And if those banks, contrary to federal law, release billions of dollars to Ayatollah Khamenei, then those banks will face potentially billions of dollars in civil liabilities and even possibly criminal prosecution.

But senator, they didn’t do any of those things.

Caroline, you’re exactly right that congressional leadership refused to do any of this. Likewise, we just had a battle over the continuing resolution [which funds the government without an approved budget]. I urged Congress to fund the entire federal government but deny any federal funds to implement this catastrophic deal. Again Republican leadership refused to do that. So long as Republican leadership is unwilling to use the constitutional authority given to Congress, the Obama administration will move forward with this catastrophic deal.

I will continue to fight on every front to stop this deal. I believe it is the single greatest national security threat facing America – the threat of a nuclear Iran.

And I also agree with Prime Minister [Benjamin] Netanyahu that a nuclear Iran is an existential threat to the nation of Israel. The challenge right now is Republican congressional leadership has been unwilling to use the constitutional authority we have to stop this deal.

If that does not change, then Congress will acquiesce and this deal will go forward for the next 15 months.

This means nothing is more important to stopping a nuclear Iran than the next presidential election in America.

And indeed I believe this issue is becoming the single most important issue in the presidential election. I have pledged that if I am elected president, to rip to shreds this Iranian nuclear deal on my very first day in office and to make abundantly clear that under no circumstances will the nation of Iran, led by a theocratic ayatollah who chants Death to America, be allowed to acquire nuclear weapons.

On the other hand, if Hillary Clinton is elected president, we know to a virtual metaphysical certainty that Iran will acquire nuclear weapons. And if Iran acquires nuclear weapons, the odds are unacceptable that it will use those weapons, either against Israel or against America.

Over the past 15 years, through its sponsorship of Hamas and Islamic Jihad and occasional support for Fatah, Iran has become a key factor in the Palestinian war against Israel. The nuclear deal, which guarantees Iran will receive hundreds of billions of dollars in the coming years, ensures that Tehran will massively increase its funding for Palestinian terrorism. What we’re now experiencing in Israel may in part be a consequence of the nuclear pact.

How would you characterize the Obama administration’s stewardship of US relations with the Palestinians?

This past this week I publicly called for John Kerry’s resignation as secretary of state. This is the second time I’ve done so. A number of months ago I called for Kerry’s resignation when he wrongfully suggested that Israel could become an apartheid state, which is slander. It is one often repeated by the terrorists, and it should not be coming out of the mouth of a United States secretary of state.
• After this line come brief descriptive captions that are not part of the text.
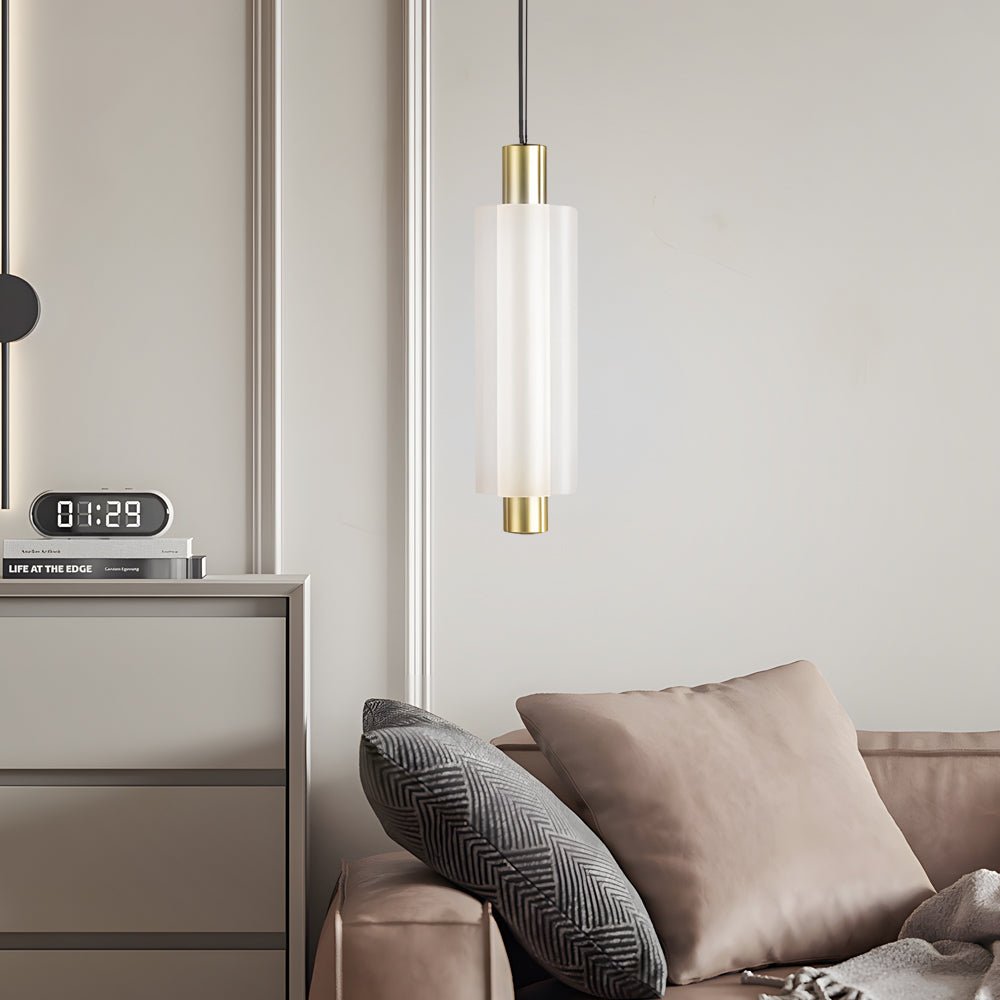 Modern Acrylic Cylinder Pendant Light - 1/2/3 Heads Gold Black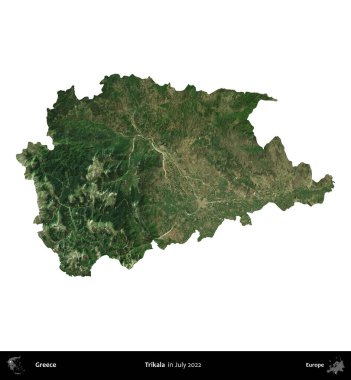 Trikala. Yunanistan idari bölgesi, Temmuz 2022 'de çekilen Global Mozaik Sentinel-2 karolarından oluşan bir uydu görüntüsü üzerinde beyaza izole edildi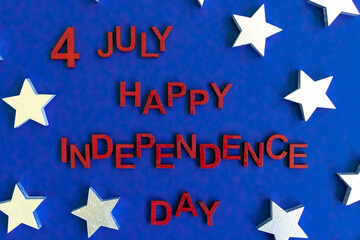 Wooden letters in red. Happy independence day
This past week John Kerry and the State Department accused the nation of Israel of terrorism. That is a blatant lie. There is a qualitative difference between antics of Palestinian terrorists murdering innocent women and children in response to the relentless incitement from Hamas, from the PA.

There’s a qualitative difference between that and the IDF defending the safety and security of the nation of Israel.

And John Kerry’s suggestion that they are morally equivalent is wrong, harmful and deeply offensive.

If you are elected president in 2016, what would your relationship be with the PA?

I believe that nobody wants to see peace more than the Israeli people. The barrier to peace is not the government of Israel. The barrier to peace is Palestinians who refuse to renounce terrorism and refuse to even acknowledge Israel’s right to exist as a Jewish state.

As it regards to US policy, I think for far too long, American presidents have attempted to dictate the terms of a peace settlement. In my view, America has no appropriate role dictating the terms of a peace settlement.

If Israel chooses to negotiate and reach a settlement with the Palestinian Authority, that is Israel’s right as a sovereign state, and America can help provide a fair forum for negotiations.

But it is not the role of the American government to attempt to lecture the Israeli people or dictate terms of peace.

No one has a greater incentive to seek peace than the people of Israel, who have lived with the daily threat of rocket attacks or knifings or terrorist bombs.

Do you think a Palestinian state west of the Jordan River is a US interest?

I think that is a question to be decided by the nation of Israel and the Palestinian people.

You don’t think it’s a question for America?

I do not believe the United States should try to dictate the terms of peace. We have seen now for two decades American presidents trying to dictate the terms of peace. And it hasn’t worked.

The Palestinians have turned down every reasonable offer of peace. And I believe America should stand unshakably alongside the nation of Israel. If I am elected president, that is exactly what we will do.

Right now the PA is spending around $150 million a year to pay salaries to convicted terrorists sitting in Israeli prisons. The US gives the PA about $550m. annually. Do you think the US should reconsider its commitment to funding the PA?

Of course we should. The PA has formed a unity government with Hamas. The idea that American taxpayer dollars are going to a government that is in unity with terrorists makes no sense whatsoever. The idea that American taxpayer dollars are going to the PA, which routinely engages in incitement, which celebrates the terrorists who murder women and children, makes no sense whatsoever. We should not be funding people who want to kill us. We should not be funding terrorists.

This goes back to what I mentioned before about the central failing of the Obama-Clinton foreign policy – that it fails to focus on the vital national security interests of America. Funding terrorists is directly contrary to our national security interests and we should not be doing so.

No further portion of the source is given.